Sunday 15 July 2012

ios - raywenderlich tutorial - simple iphone game - part2 -


I'm using the other part, and I'm confused about the implementation of the ccTouchesEnded method This is where 'shooting' is applied: player (a cannon) changes in the touched direction, and the projectile shot happens. The part which is ambiguous to me is: _nextProjectile is being released, while it may still be in use (below the code - _nextProjectile runAction ). Can you please tell why is it safe to release the object at this point?

  - (zero) CCTE attracted: (NSSET *) touches the event: (UEVENT *) Event {[_player runAction: [CCSequence Actions: [CCRotateTo actionWithDuration: rotateDuration angle: cocosAngle], [ CCCallBlock ActionWishblock: ^ {// OK to add now - Rotation is finished! [Self combine: _nextProjectile]; [_projectiles addObject: _nextProjectile]; Release [_nextProjectile release]; _nextProjectile = Zero; }], Zero]]; // Proseclose at the actual endpoint [_nextProjectile runAction: [CCSequence actions: [CCMoveTo proceedings: realMoveDuration status: realDest], [CCCallBlockN operationWishblock: ^ (CCNode * node) {[_projectiles removal object: node]; [Node removal head and chinup: yes]; }], Zero]]; }    

before ccTouchesEnded: withEvent: you increase Keep the number of _nextProjectile on this line:

  _nextProjectile = [[CCSprite spriteWithFile: @ "projectile2.png"];];   

Then at some point you have to reduce the calculation to keep the memory leak to stop. In other words: You are responsible for continuing it. This is where this line is coming:

  [_ nextProjectile release];   

Why is it safe to issue it at that time? The code snippets in your question are actions in the sequence of both verbs.

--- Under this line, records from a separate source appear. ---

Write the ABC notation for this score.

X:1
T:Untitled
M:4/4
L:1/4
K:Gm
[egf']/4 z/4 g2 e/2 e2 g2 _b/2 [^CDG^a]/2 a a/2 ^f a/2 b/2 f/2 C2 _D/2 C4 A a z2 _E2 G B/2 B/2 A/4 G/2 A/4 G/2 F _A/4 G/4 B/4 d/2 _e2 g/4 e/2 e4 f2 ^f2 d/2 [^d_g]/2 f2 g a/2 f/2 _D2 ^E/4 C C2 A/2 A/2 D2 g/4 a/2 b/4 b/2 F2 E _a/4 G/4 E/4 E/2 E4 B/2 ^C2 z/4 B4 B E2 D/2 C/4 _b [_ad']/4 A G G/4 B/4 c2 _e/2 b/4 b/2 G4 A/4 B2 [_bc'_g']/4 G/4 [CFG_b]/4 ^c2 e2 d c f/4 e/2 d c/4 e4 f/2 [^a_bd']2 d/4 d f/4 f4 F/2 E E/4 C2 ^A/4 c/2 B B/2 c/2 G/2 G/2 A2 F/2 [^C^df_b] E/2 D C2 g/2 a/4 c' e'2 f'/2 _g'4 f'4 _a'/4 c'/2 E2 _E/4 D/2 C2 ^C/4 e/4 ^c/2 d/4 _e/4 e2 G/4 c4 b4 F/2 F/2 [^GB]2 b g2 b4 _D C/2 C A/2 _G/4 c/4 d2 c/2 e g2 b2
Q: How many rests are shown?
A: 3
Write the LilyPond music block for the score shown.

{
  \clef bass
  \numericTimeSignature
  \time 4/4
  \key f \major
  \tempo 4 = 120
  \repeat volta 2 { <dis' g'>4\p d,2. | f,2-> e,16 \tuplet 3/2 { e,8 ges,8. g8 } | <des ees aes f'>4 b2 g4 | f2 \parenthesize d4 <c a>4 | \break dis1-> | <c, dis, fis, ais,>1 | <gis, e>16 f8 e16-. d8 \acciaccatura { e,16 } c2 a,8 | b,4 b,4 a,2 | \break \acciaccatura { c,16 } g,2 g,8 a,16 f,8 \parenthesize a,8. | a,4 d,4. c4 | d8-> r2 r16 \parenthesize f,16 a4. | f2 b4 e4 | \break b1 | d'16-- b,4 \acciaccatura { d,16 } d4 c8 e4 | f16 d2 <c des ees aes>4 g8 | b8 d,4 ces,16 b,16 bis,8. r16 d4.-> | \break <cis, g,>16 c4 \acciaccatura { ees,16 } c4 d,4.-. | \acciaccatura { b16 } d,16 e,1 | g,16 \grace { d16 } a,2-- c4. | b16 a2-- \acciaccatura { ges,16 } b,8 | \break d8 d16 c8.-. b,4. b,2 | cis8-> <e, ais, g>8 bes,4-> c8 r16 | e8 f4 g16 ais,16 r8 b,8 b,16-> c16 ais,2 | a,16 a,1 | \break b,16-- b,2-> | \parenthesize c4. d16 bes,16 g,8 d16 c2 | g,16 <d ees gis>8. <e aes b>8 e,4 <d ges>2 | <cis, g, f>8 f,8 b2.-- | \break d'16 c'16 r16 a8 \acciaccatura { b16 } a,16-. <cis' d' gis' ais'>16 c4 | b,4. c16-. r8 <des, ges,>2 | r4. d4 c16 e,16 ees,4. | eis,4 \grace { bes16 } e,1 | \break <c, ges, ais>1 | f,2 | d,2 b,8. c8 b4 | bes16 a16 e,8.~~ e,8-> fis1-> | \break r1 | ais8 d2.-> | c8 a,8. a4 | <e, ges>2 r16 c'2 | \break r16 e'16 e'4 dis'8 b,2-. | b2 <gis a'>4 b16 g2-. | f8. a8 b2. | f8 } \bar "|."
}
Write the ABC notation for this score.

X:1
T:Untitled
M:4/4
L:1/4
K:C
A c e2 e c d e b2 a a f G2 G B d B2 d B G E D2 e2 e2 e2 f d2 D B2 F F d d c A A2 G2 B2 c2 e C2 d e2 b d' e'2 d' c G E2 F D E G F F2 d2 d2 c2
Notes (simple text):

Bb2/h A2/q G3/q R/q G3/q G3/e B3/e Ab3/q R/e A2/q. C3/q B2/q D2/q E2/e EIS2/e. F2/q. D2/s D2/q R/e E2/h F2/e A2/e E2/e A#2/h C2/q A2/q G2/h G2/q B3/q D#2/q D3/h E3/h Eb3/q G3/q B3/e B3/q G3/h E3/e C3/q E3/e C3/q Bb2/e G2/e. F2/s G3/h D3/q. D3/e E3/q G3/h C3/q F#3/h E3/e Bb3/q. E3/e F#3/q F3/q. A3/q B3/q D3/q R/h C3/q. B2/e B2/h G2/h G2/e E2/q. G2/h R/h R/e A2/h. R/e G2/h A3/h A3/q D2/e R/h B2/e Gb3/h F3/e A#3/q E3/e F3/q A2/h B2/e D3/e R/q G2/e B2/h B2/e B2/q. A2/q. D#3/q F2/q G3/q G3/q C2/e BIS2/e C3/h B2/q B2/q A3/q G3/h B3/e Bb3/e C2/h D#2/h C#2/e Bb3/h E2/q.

  [_ player runAction: [CCSequence actions: ...]];   

Performing an action on an object increases the number of keep on that object. This means that the action takes up the object itself and another reference to _nextProjectile is that the order of verbs is executed before the action is actually executed, so the action object is already made to _nextProjectile < / Strong> therefore it is actually safe to release it in any one verb. They were waiting for issuing _nextProjectile until these lines were passed:

  [self addChild: _nextProjectile]; [_projectiles addObject: _nextProjectile];   

A release before these lines probably (I have not seen any other code from ccTouchesEnded: withEvent: ) resulted in an EXC_BAD_ACCESS runtime error.